Possiamo osservare una trainer molto direttiva, che sa il fatto suo e che piuttosto che fare “domande” (vero strumento del coaching) pretende che Harold riscopra il meglio di se stesso.
E’ una modalità completamente diversa dal “coaching”, ma a parte le sfumature che solo noi professionisti possiamo conoscere, la scena offre validi spunti per riflettere sull’autostima e sui possibili rimedi per accrescerla.
Alcune domande sono necessarie:
1) È possibile aumentare l’autostima agendo solo su fattori esteriori?
Il trainer fa in modo che il cliente creda più in se stesso soprattutto lasciando che migliori l’immagine: l’abbigliamento, il taglio di capelli e il fisico
2) Si può giungere allo stesso risultato partendo da una maggiore consapevolezza dei propri valori?
Credo che entrambi le risposte siano positive, ma con effetti più duraturi nel secondo caso.
Quelli che vediamo nella scena sono esercizi senz’altro utili, ma che dovrebbero trovare un’applicazione costante e quotidiana per poter funzionare. Potrebbero diventare una vera e propria routine positiva:
guardarsi nello specchio e dirsi: “Mi piaccio”
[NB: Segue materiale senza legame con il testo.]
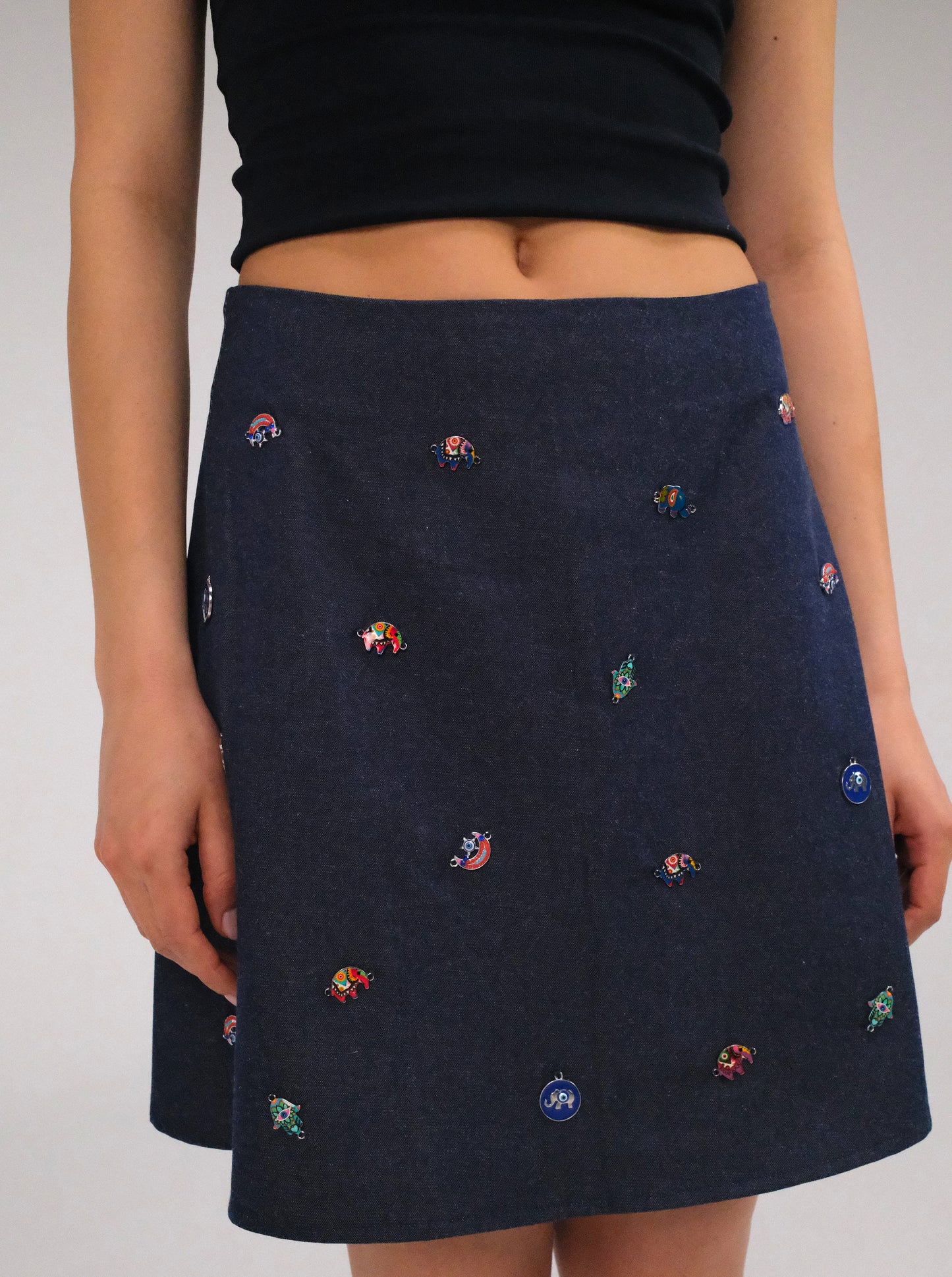 THE DENIM ALINE MINI SKIRT WITH PINS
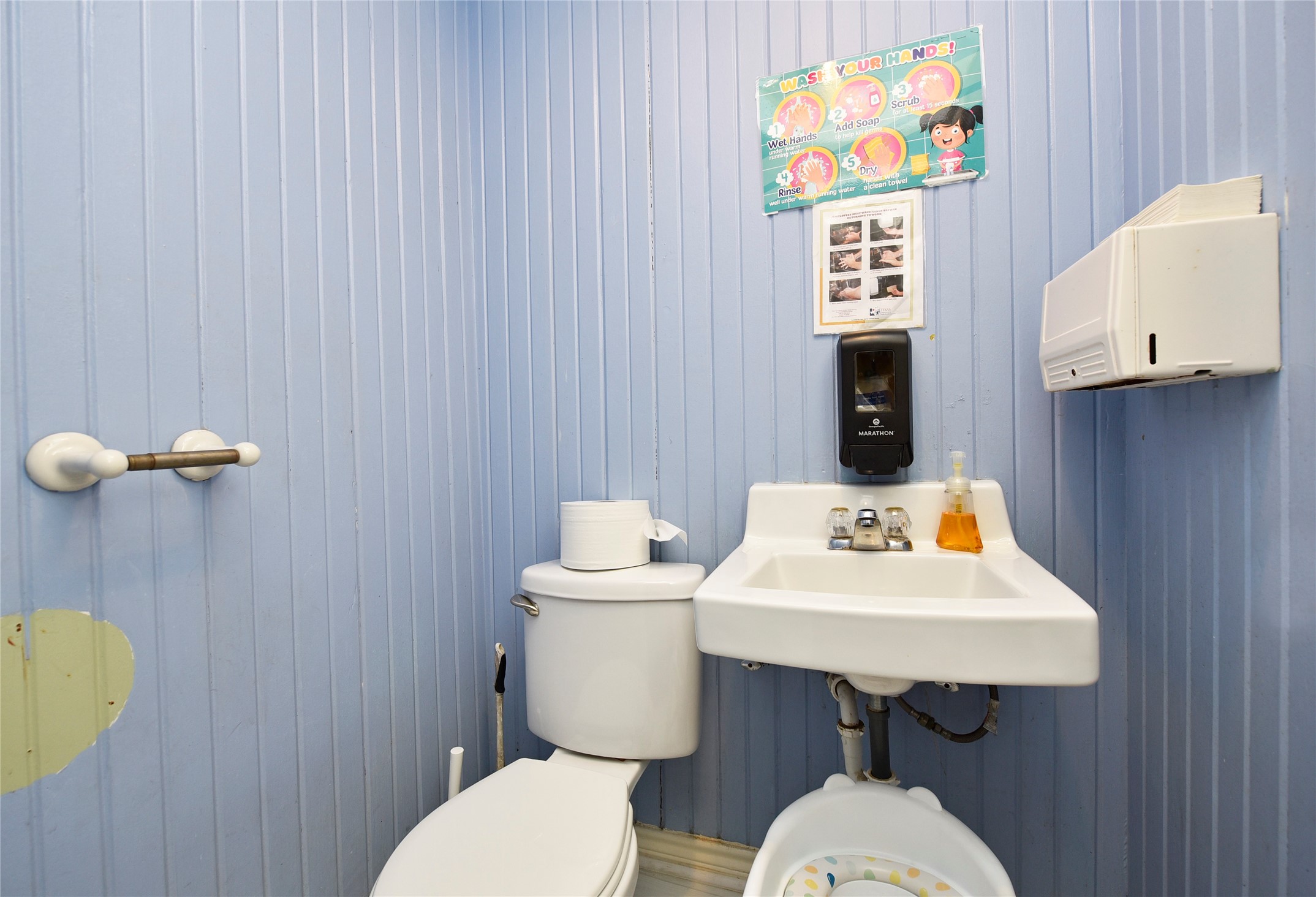 1220 Mulcahy Street Rosenberg, TX 77471 - Photo 31 of 41 a bathroom with a sink a toilet and mirror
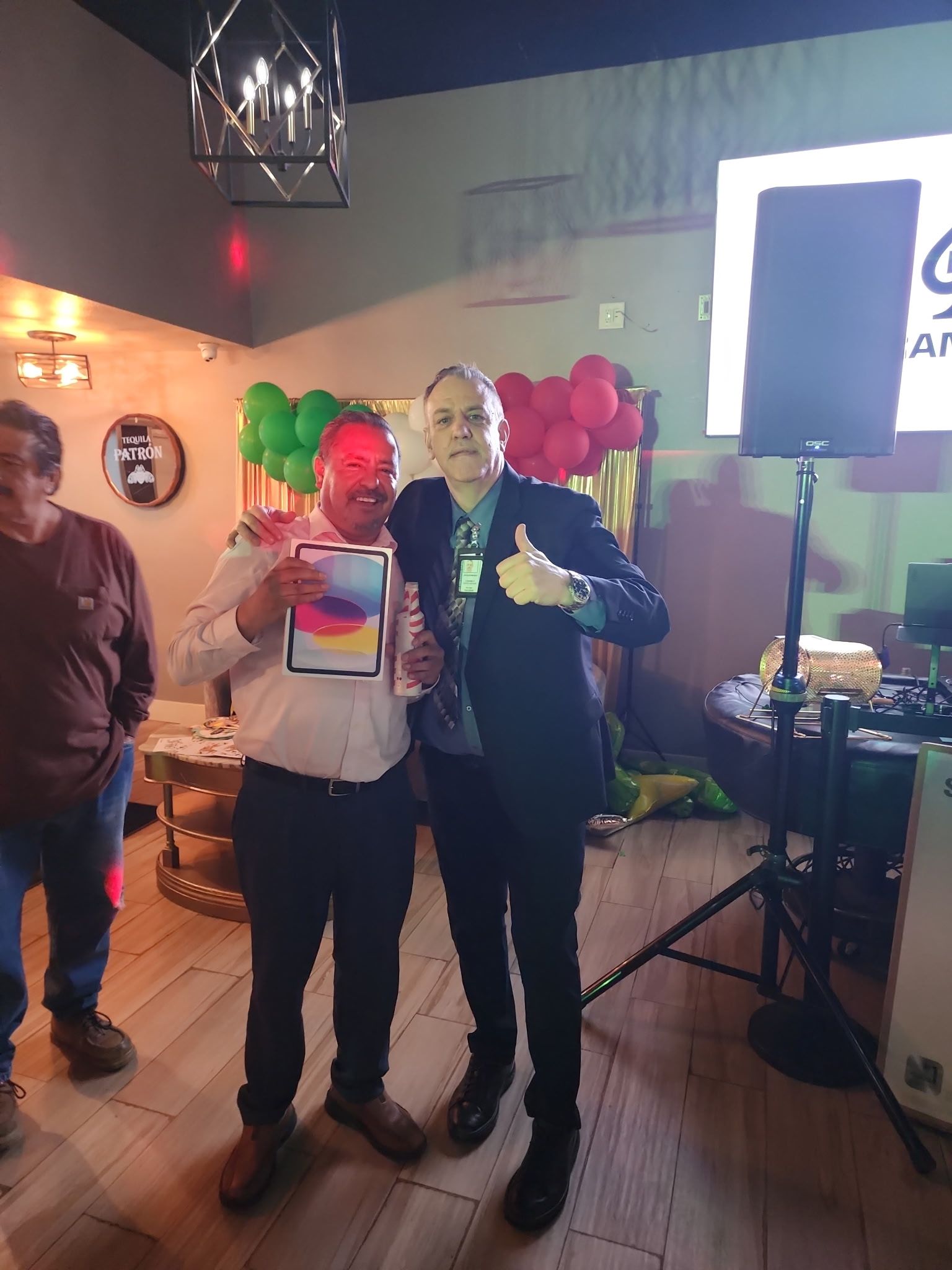 Two people hold a certificate and trophy at a party, with colorful balloons and a bright light in the background.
fare sport per aumentare la serotonina (l’ormone della felicità)
vestirsi bene e curarsi
indicare almeno 5 qualità che pensiamo di avere
Interessante la parte in cui Harold guardandosi allo specchio non vede ciò che vedono gli altri, bensì lo spettro del passato, un ragazzo goffo incapace di farsi valere. Un buon esempio di come spesso ci maltrattiamo quando crediamo di valere poco.